Sept. 29 (UPI) -- For the last few years, scientists at MIT have been working on a fusion research experiment called SPARC and, according to a series of papers -- published Tuesday in the Journal of Plasma Physics -- the research is going quite smoothly.
The research effort, a collaboration between MIT and startup company Commonwealth Fusion Systems, is intended to pave the way for an emissions-free power plant -- a fusion reactor.
According to the latest updates, scientists have yet to encounter any unexpected hurdles. What's more, researchers characterized the remaining challenges as manageable.
Over the last 2 1/2 years, researchers on the project have focused on working out the physical principles underlying their planned fusion reactor. So far, the work has confirmed the validity of the plasma physics behind their SPARC plans.
"These studies put SPARC on a firm scientific basis," Martin Greenwald, researcher at the MIT Plasma Science and Fusion Center, said in a news release.
"When we build and operate the machine as described in these papers, we fully expect to meet our target for fusion gain and produce a wealth of new and important information on burning plasmas," said Greenwald, who served as guest editor for the special edition of Journal of Plasma Physics.
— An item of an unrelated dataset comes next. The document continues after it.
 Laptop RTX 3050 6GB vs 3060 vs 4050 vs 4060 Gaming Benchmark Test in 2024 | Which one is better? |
Engineers expect their SPARC reactor, or tokamak, to be much more powerful than previous experimental reactors. The reactor will take advantage of advances in superconducting magnets, which will produce a more powerful magnetic field, capable of confining SPARC's hot plasma.
In the new papers, scientists outlined the calculations and simulation tools that were used to confirm SPARC's underlying physics.
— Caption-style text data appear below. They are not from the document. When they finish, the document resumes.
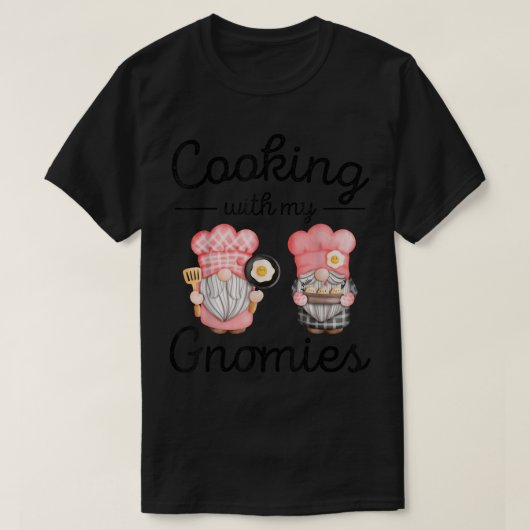 Gnomes Cooking Funny Koch Gnome T-Shirt (Design vorne)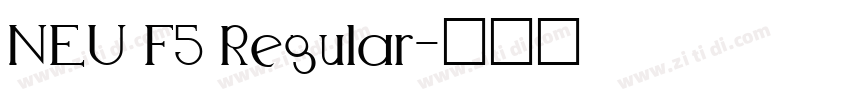 NEU F5 Regular字体转换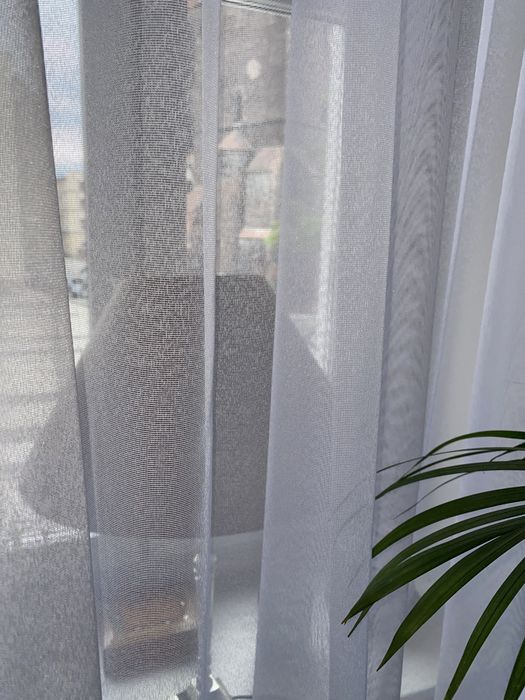 Firanki 2 szt. nowe 290 cm x 400 cm śnieżnobiałe 2 sztuki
The primary goal for the SPARC experiment is to achieve a Q factor -- a measure of fusion plasma efficiency -- of at least 2, an ability to generate double the energy that is used to generate the fusion reaction.
The physics models and simulations described in the new papers suggest SPARC could ultimately achieve a Q factor of 10.
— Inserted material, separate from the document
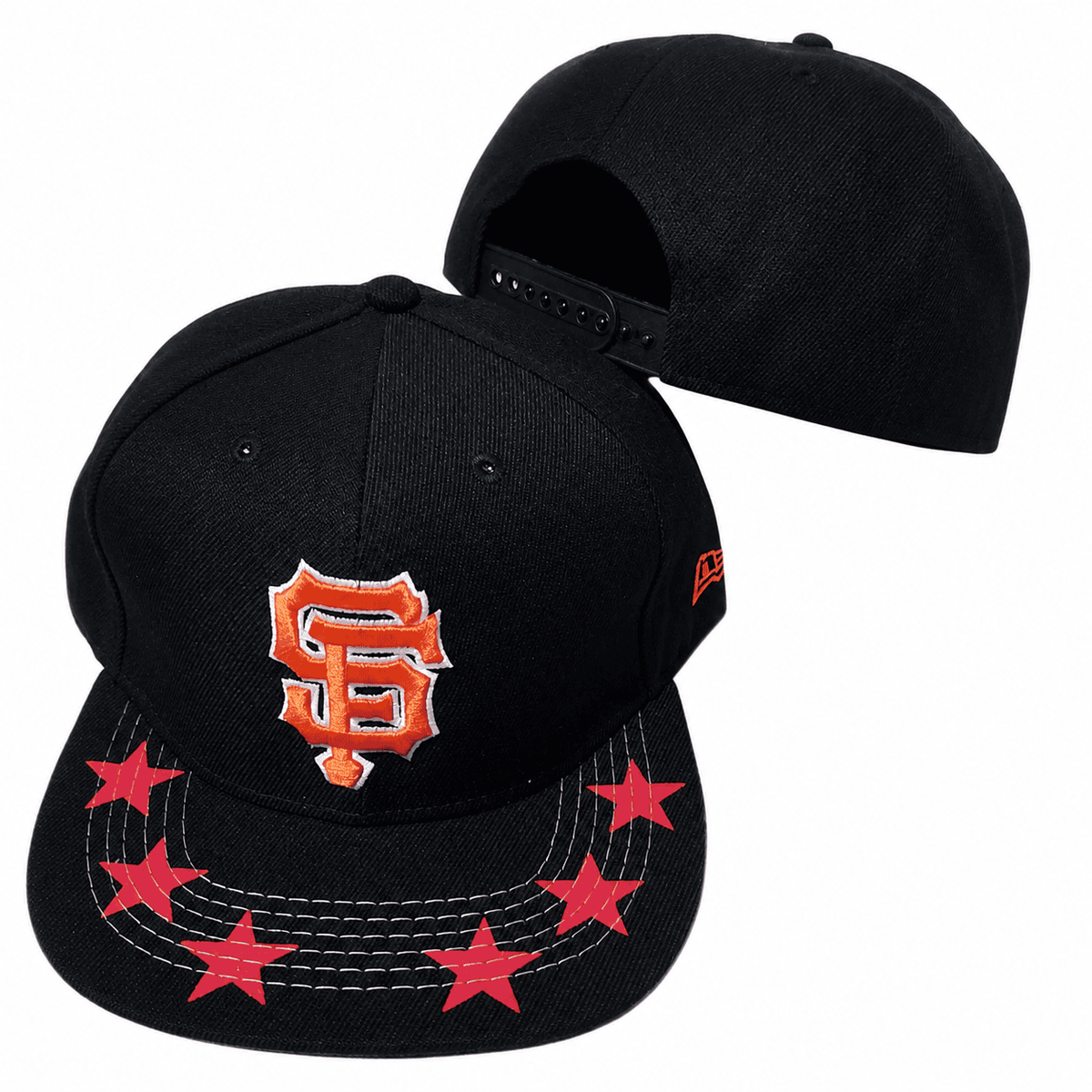 Black/Red Baseball Hat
Moving ahead, scientists plan to fine-tune their engineering plans and start building the reactor.
"We're still aiming for a start of construction in roughly June of 2021," Greenwald told MIT News. "The physics effort is well-integrated with the engineering design. What we're trying to do is put the project on the firmest possible physics basis, so that we're confident about how it's going to perform, and then to provide guidance and answer questions for the engineering design as it proceeds."
While the latest papers suggest the SPARC project is progressing smoothly, Greenwald said there are plenty of plasma physics questions that remain unanswered. To answer thm, however, researchers will need to build and ignite the SPARC reactor.
"The big mountain we have to get over is to understand this self-heated state of a plasma," Greenwald said.
SPARC researchers remain confident that they will soon crest that big mountain.
"[These papers] help to validate our confidence that we will achieve the mission," Greenwald said. "We haven't run into anything where we say, 'Oh, this is predicting that we won't get to where we want.' One of the conclusions is that things are still looking on-track. We believe it's going to work."